Fig. 4. P-selectin–targeted nanoparticle treatment of metastatic cancer models

(A) Representative images of P-selectin and vasculature (CD31) staining in a B16F10 melanoma experimental lung metastasis model 14 days after inoculation. Scale bar, 50 µm. (B) Representative images of P-selectin and CD31 staining in an MDA-MB-231 breast cancer experimental lung metastasis model 18 days after inoculation. Scale bar, 50 µm. (C and D) Survival data from two experiments using the B16F10 model treated 7 days after tumor inoculation with a single intravenous administration of the indicated treatments. (E) In vivo luciferase bioluminescence of the B16F10 model acquired 7 days after a single administration of the indicated treatments. (F) Median bioluminescence photon count from experiment shown in (D). (G) In vivo bioluminescence images acquired 21 days after a single administration of the indicated treatments to the luciferase-expressing MDA-MB-231 lung metastasis model. (H) Survival data from the MDA-MB-231 model treated on day 7 after inoculation with a single intravenous injection of the indicated treatments. The color key in each figure lists concentrations of nanoparticles and drug-polymer conjugates in terms of the amount of drug. Arrows denote day of administration for all treatments. n = 5 per group for all survival experiments.
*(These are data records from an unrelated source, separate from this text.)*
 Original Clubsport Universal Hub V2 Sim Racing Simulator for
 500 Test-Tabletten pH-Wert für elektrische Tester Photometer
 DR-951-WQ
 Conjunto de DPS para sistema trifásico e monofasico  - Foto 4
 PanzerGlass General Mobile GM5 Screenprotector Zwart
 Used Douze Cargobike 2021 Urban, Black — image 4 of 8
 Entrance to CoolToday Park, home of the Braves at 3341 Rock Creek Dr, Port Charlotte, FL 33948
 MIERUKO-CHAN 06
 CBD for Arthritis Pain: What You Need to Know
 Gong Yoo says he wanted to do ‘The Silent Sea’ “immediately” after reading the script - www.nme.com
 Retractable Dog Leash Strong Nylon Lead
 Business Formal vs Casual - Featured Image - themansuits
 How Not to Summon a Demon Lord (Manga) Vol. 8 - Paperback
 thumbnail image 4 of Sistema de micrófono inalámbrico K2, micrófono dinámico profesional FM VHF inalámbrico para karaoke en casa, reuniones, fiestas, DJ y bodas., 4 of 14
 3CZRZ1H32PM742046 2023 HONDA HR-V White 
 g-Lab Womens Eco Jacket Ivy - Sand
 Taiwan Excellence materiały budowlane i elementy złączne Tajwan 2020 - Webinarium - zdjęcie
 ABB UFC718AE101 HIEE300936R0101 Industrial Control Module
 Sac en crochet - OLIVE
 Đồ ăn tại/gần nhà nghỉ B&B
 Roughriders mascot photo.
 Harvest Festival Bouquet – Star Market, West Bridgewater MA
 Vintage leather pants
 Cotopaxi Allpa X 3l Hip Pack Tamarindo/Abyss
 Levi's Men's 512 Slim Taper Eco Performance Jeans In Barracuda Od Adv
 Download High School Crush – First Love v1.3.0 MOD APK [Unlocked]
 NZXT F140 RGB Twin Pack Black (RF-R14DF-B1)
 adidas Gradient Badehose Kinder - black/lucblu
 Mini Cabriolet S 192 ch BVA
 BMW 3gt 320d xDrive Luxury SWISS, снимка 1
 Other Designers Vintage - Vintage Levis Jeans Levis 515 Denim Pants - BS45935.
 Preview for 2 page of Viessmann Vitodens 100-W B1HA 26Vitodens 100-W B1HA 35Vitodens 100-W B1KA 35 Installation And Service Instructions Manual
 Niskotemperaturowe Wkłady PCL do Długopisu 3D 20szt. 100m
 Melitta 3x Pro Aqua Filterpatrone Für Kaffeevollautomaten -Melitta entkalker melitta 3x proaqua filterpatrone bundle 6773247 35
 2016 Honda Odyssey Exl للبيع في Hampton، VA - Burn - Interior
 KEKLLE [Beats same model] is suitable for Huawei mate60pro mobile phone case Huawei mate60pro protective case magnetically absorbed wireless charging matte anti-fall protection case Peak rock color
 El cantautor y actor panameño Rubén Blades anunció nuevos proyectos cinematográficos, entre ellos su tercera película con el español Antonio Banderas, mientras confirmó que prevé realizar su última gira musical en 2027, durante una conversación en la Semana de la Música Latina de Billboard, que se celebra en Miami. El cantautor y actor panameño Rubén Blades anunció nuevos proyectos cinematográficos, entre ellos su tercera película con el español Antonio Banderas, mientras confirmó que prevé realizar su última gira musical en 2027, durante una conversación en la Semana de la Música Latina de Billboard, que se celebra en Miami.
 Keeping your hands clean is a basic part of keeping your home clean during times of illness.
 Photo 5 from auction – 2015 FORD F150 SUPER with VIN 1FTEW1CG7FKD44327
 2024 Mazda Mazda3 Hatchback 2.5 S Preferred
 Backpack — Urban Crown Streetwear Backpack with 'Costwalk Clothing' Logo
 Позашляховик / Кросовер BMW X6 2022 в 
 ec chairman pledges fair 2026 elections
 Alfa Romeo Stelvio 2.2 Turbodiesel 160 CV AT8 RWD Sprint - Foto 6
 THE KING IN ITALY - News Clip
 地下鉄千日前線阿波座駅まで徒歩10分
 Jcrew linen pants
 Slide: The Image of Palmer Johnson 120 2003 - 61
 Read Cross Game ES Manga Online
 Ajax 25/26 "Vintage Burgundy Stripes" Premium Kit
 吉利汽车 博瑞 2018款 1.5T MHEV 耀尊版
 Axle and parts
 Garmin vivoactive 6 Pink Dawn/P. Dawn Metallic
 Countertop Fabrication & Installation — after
Fig. 5. P-selectin–targeted delivery of an inhibitor of the MEK/ERK pathway

(A) Top: Proliferation of cell lines measured after 4 days of treatment with MEK162 or FiMEK as indicated. Bottom: Biochemical analysis of A375 and A549 cell lines treated for 4 hours with MEK162 or FiMEK. (B) Growth of tumor xenografts after a single dose of vehicle, MEK162, and FiMEK or a daily dose of MEK162. x axis represents days after first treatment; n = 6 per group. P^(A375) = 0.0048, P^{(SW520,FiMEK)} = 0.0071, P^(SW520,MEK) = 0.0055. (C) Biochemical quantification (Western blot) of pERK and PARP cleavage in xenografts of A375 tumors treated for 2 or 16 hours with MEK162 or FiMEK. P = 0.0089 and 0.0053, respectively. (D) IHC of cleaved caspase 3 in HCT116 xenografts treated with MEK162 or FiMEK. Scale bar, 50 µm. (E) IHC of pERK in skin and tumors of HCT116 xenografts treated with MEK162 (30 and 300 mg/kg) or FiMEK (30 mg/kg) after 24 hours. Scale bar, 100 µm. Nanoparticle concentrations are listed in terms of the equivalent amount of encapsulated drug. Plots show means ± SD.